__Source data__:
--------

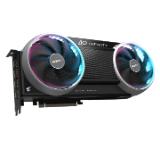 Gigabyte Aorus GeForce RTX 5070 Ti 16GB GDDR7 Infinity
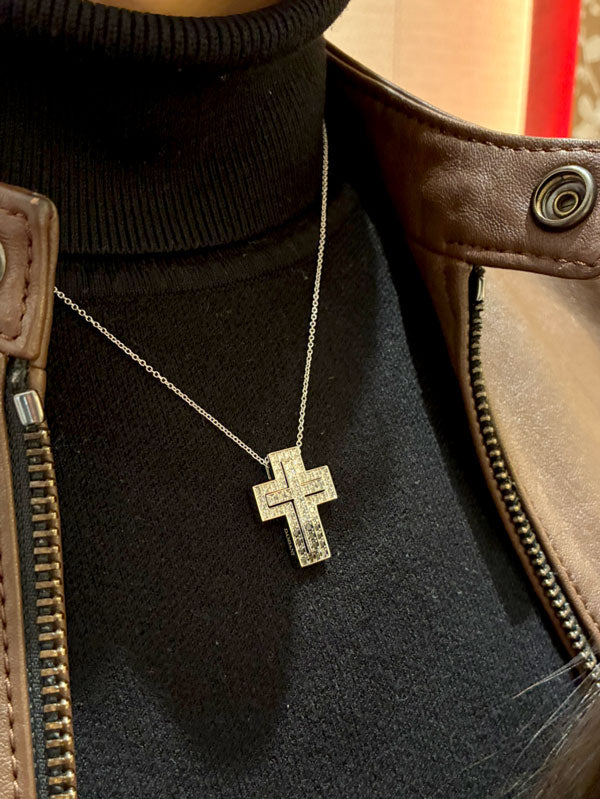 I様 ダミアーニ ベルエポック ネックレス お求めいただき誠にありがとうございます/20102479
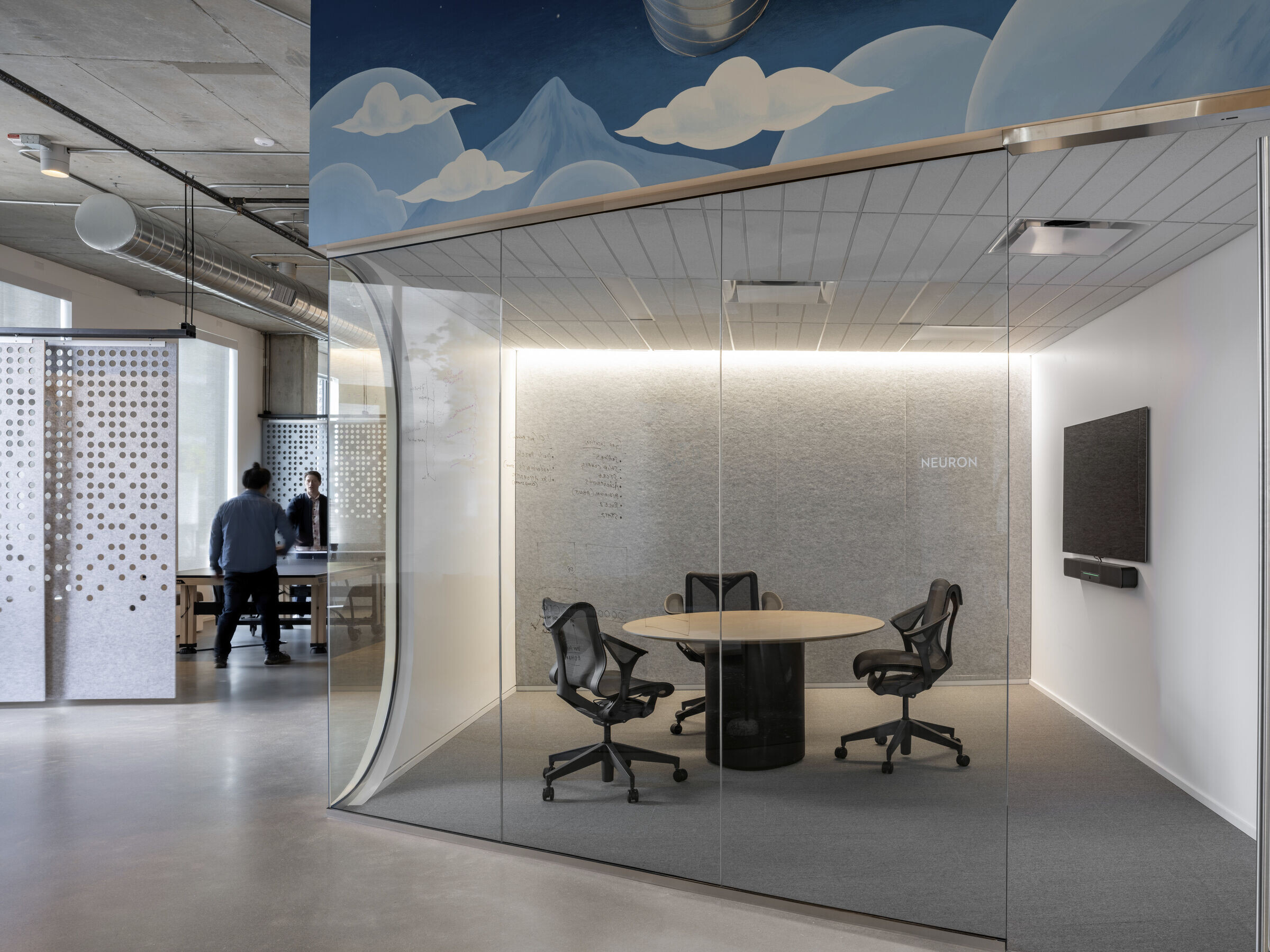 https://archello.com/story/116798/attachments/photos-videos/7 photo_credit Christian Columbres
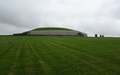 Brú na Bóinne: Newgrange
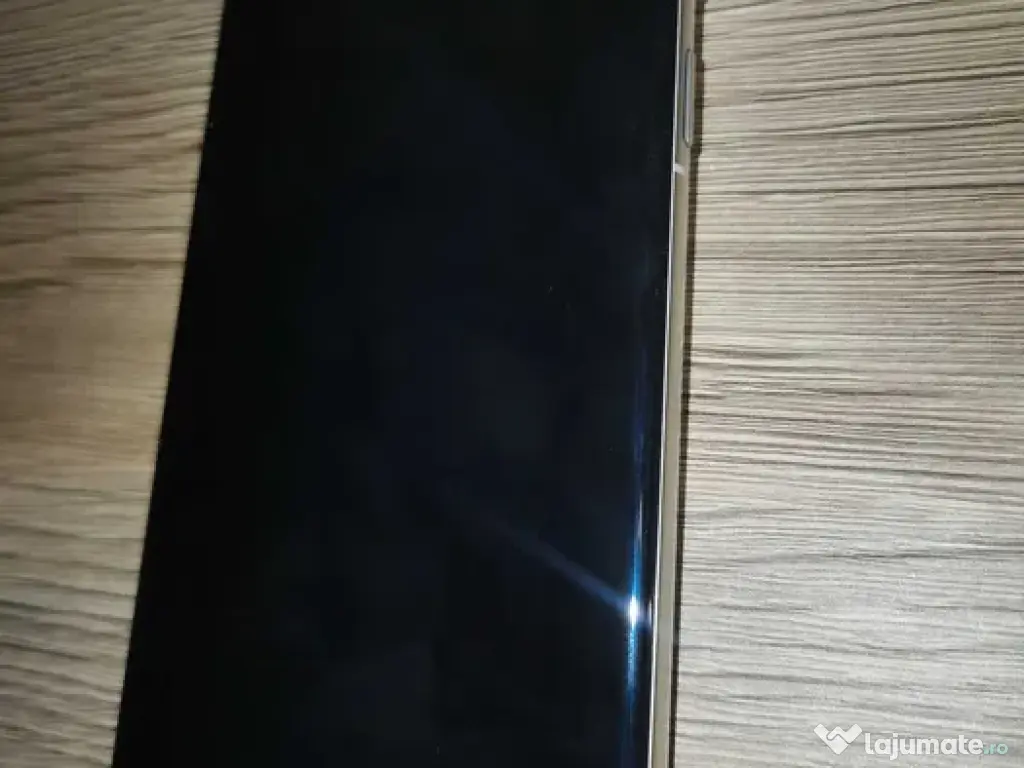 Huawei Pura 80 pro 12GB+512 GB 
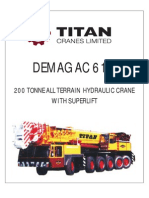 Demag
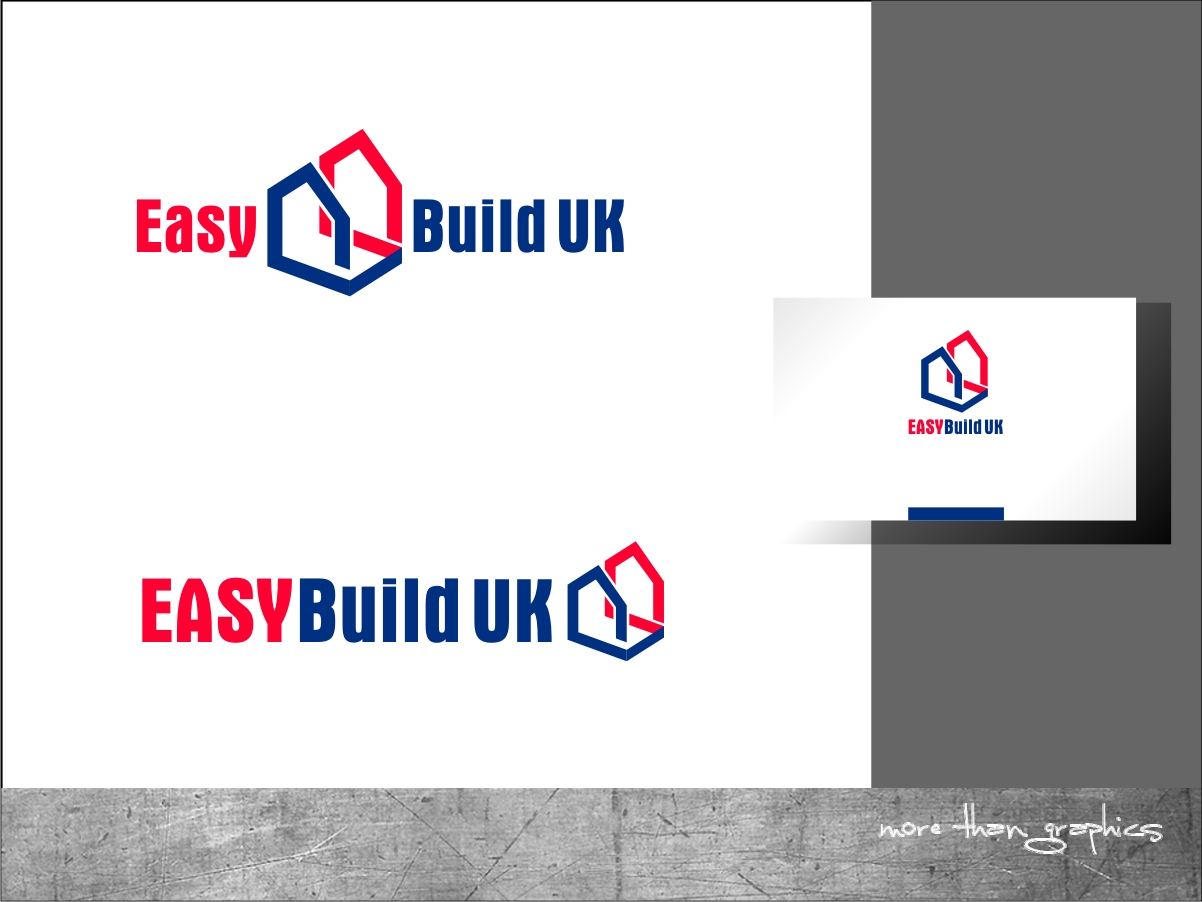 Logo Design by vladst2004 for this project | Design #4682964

--------

__Task requirements__:
From the line containing "I様 ダミアーニ ベルエポック" to the last line of the entries, copy every line exactly, including both ends, and leave out the pictures.

__Solved problem__:
 I様 ダミアーニ ベルエポック ネックレス お求めいただき誠にありがとうございます/20102479
 https://archello.com/story/116798/attachments/photos-videos/7 photo_credit Christian Columbres
 Brú na Bóinne: Newgrange
 Huawei Pura 80 pro 12GB+512 GB 
 Demag
 Logo Design by vladst2004 for this project | Design #4682964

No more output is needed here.